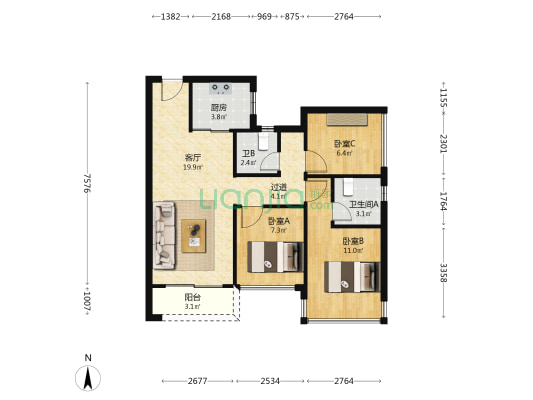 怡瑞达云秀府 3室1厅2卫 79平方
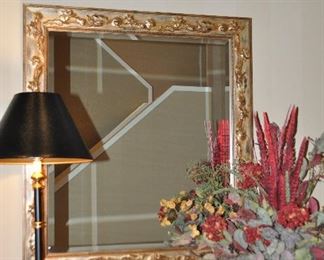 Lovely Large Wall Mirror in an Ornate Light Gold Frame, 36.5" x 40.25" 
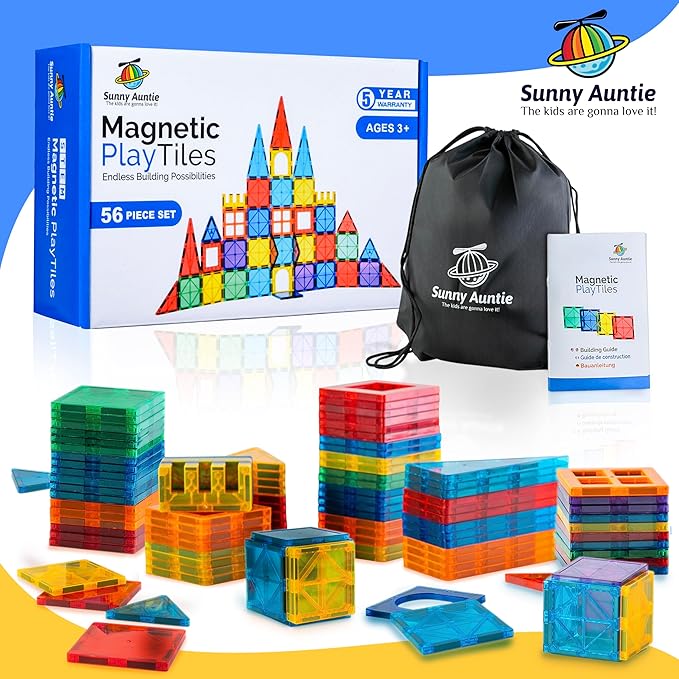 Magnetic Tiles 56 PCS, Magnetic Tiles for Kids & Toddlers Ages 3-8, Magnet Toy for 3 4 5 6 7 8 Year Old Boys Girls Kids & Toddlers, Magnet Blocks Building Set STEM Toy, Great Gift for Kids aged 3-8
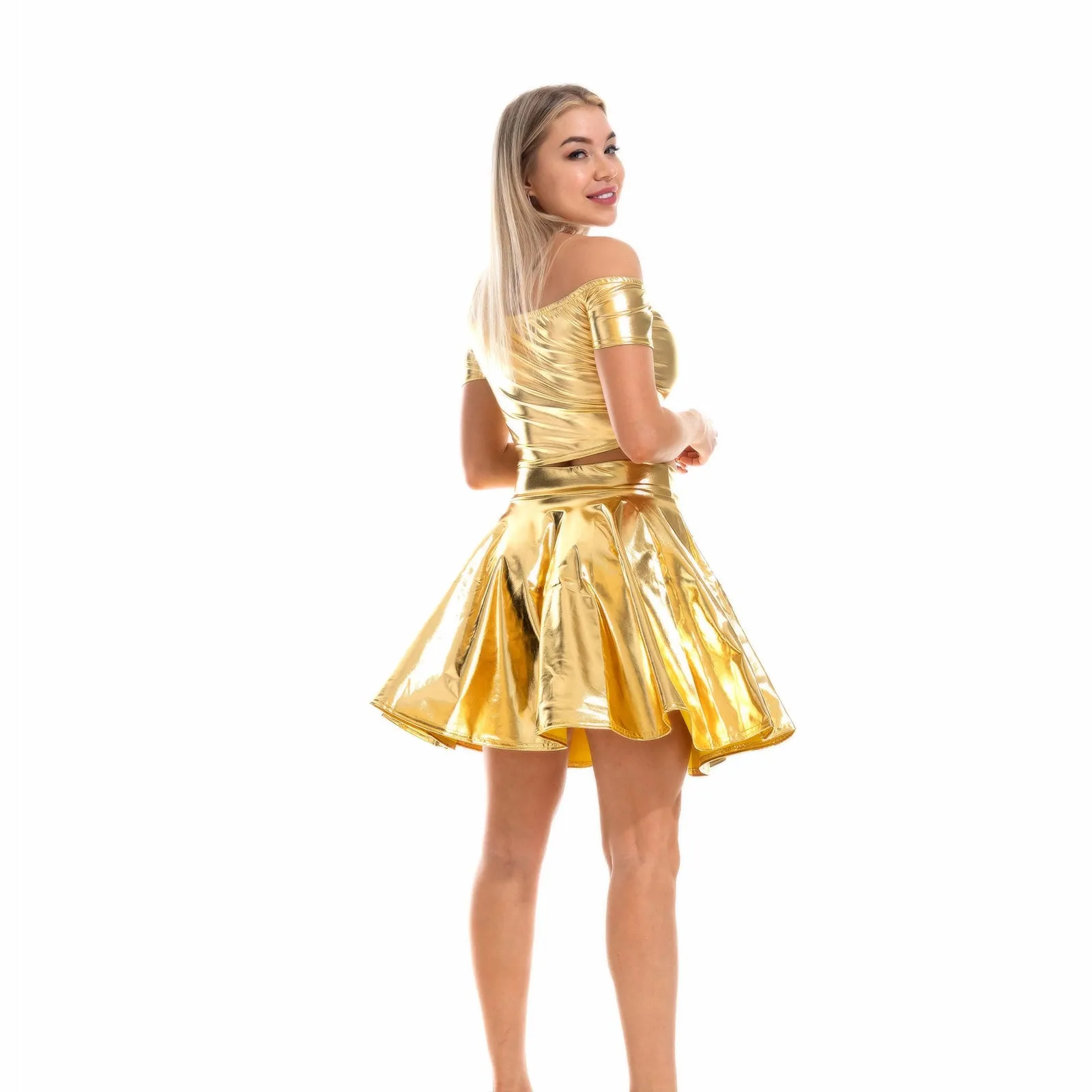 Sexy Metallic Skirt Set Girly Holographic Rave Outfits Two Piece Off Shoulder Crop Top and Mini Skirt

·····

Goal of the exercise: Pictures are to be left out; the listing above is otherwise to be copied exactly.

Expected output:
 怡瑞达云秀府 3室1厅2卫 79平方
 Lovely Large Wall Mirror in an Ornate Light Gold Frame, 36.5" x 40.25" 
 Magnetic Tiles 56 PCS, Magnetic Tiles for Kids & Toddlers Ages 3-8, Magnet Toy for 3 4 5 6 7 8 Year Old Boys Girls Kids & Toddlers, Magnet Blocks Building Set STEM Toy, Great Gift for Kids aged 3-8
 Sexy Metallic Skirt Set Girly Holographic Rave Outfits Two Piece Off Shoulder Crop Top and Mini Skirt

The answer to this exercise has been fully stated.